Win Climate looked at the savings from building with air source heat pumps (ASHP), ground source heat pumps (GSHP), and heat pump hot water heaters (HPWH) compared to choosing fossil fuels in new single-family homes.

When the main alternative is propane, on the other hand, the figures are astonishingly high. Here in colder Climate Zone 6, where I live, choosing air source heat pumps over a propane furnace yields an estimated $3,067 in savings a year. Zone 6 is the only part of the state where a natural gas furnace wins by a nose as the cheapest option in new construction — but much of Zone 6 is rural, and most rural households have no access to natural gas service, relying heavily on costly trucked-in fuels and firewood.
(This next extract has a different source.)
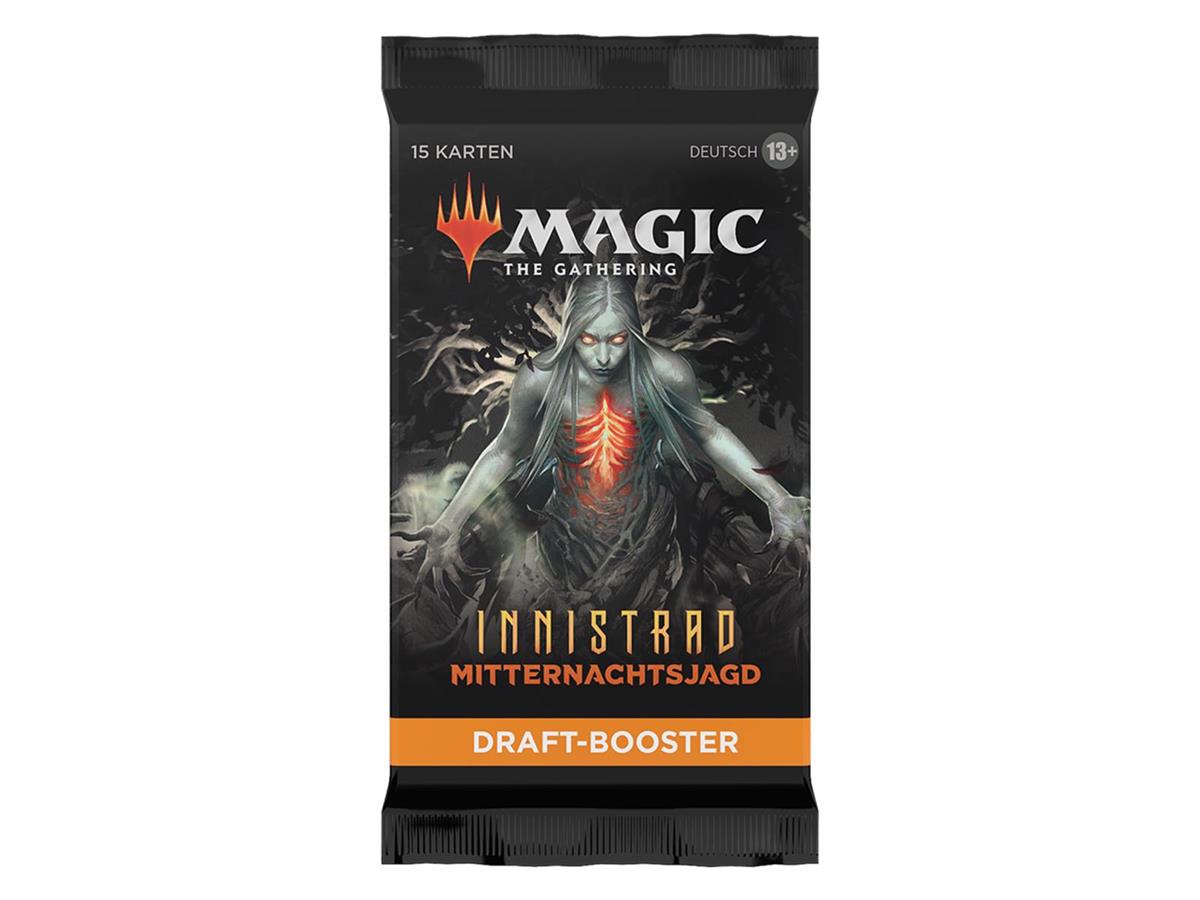 MTG - Innistrad: Mitternachtsjagd Draft-Booster Pack (DE)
In the Dutchess County city of Beacon last week, climate advocates turned out in force to a city council meeting to speak in support of a proposed ban on gas-burning appliances in new construction. I reported on it for the Times Union. Multiple people at the meeting cited Win Climate’s numbers on average household savings.

For Beacon Climate Action Now, the all-volunteer group pushing for the legislation, it was an important priority that city climate legislation shouldn’t cost residents money.
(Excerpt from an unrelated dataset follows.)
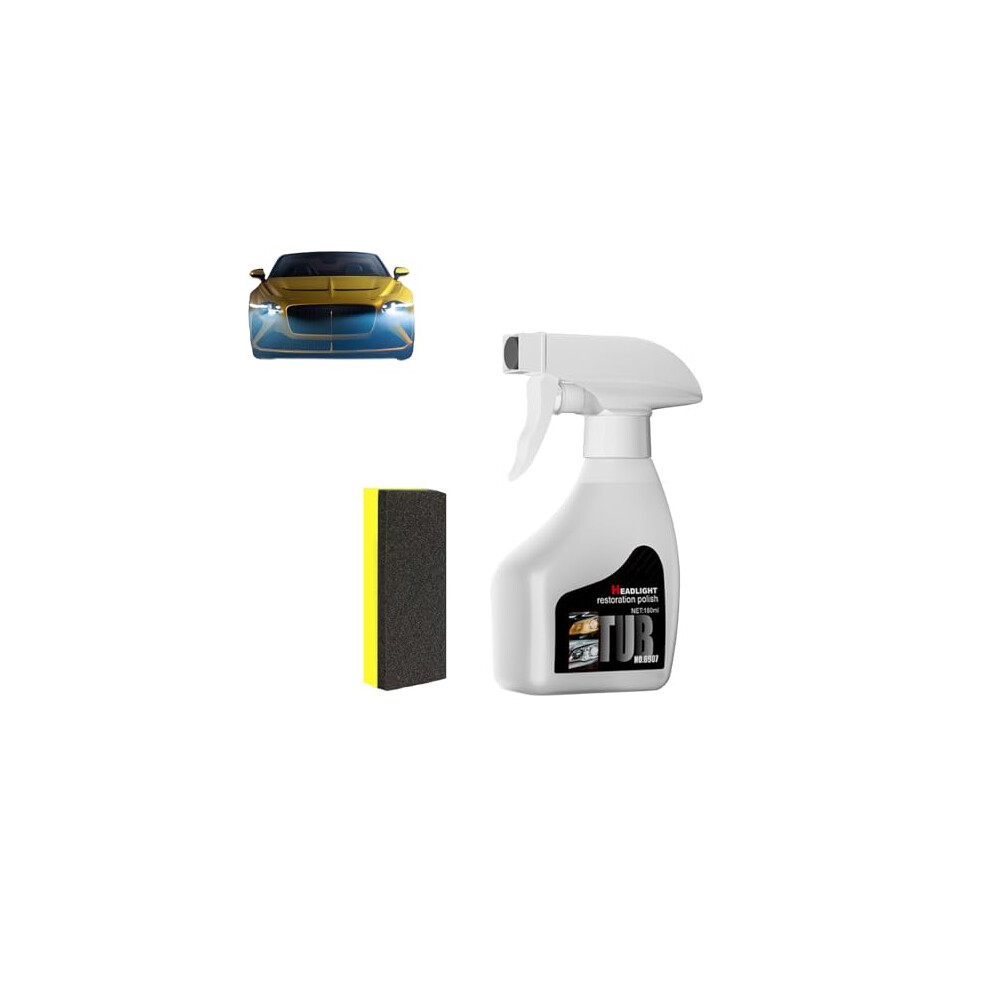 Headlight Restoration Kit For Cars Removes Oxidation, Yellowing And Scratches With Protective Coating (1Pcs) 9113335602878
“If it’s the same cost or cheaper, that addresses our concerns. We don’t want to exacerbate the cost of housing around here,” BCAN’s Veekas Ashoka told me.

If Win Climate’s assumptions in the study are correct, electrifying new construction will probably save future Beacon residents some money. Just not as much as the statewide average.

Climate policy heats up

If Beacon passes a “gas ban” bill for new construction, it will be the third city in New York State to do so, behind New York City and Ithaca.
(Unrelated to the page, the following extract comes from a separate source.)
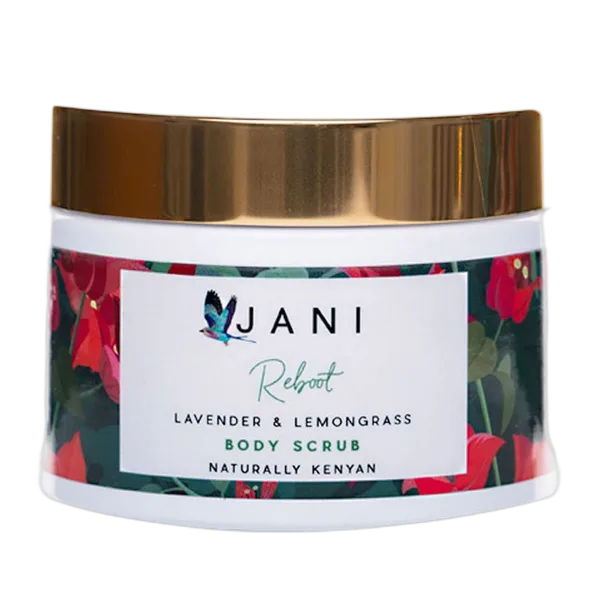 Jani Reboot Lavender & Lemongrass Body Scrub 275ml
New York State may act on that front as well. The state Climate Action Council is currently in the last stages of finalizing a plan for decarbonizing the state economy over the next few decades, and that plan is likely to recommend to state policymakers and legislators that new buildings should be all-electric starting in 2025.

The funny thing about municipal gas bans in New York is that so far, they are happening (and popular) in places where most homes have natural gas service, and won’t see much savings from the law. In rural areas, where heat pumps drive truly enormous savings, political pushback on the electrification of new construction is much fiercer. There’s a certain irony here. (To be fair, there are also bigger issues in rural areas with the reliability of electrical power, which is a topic we’ll get into in future issues of this newsletter.)

The uneven economics of energy savings from electrification is one reason why New York’s largest source of greenhouse gas emissions probably won’t be tamed without “gas ban” legislation for new construction, and generous incentives for heat pump retrofits (some of which will be available through the federal Inflation Reduction Act, starting in 2023). Another reason is that for rental housing, there is often little incentive for landlords to keep utility bills low.

For my part, I’m happy to be Spiders Georg. Good riddance to the propane forced-air furnace and the 430 gallons I burned in it last year, even despite the woodstove that I fed three full cords of wood to. The main question for me isn’t whether the heat pumps are slashing my energy bills, it’s how much.

I’ll be tracking my power use throughout the winter, and I’ll keep you posted.

FURTHER READING: Check out this peer-reviewed study that came out in Environmental Research Letters last year, which takes a nationwide look at the economic, greenhouse gas, and health-related air pollution benefits of retrofitting houses with heat pumps in the U.S. Lots to unpack here, as they say — but one lesson here is that local conditions matter. Local weather, how dirty the local power grid is, local housing stock and typical fuels: All have an impact on the expected environmental and cost impacts of retrofitting a house with heat pumps.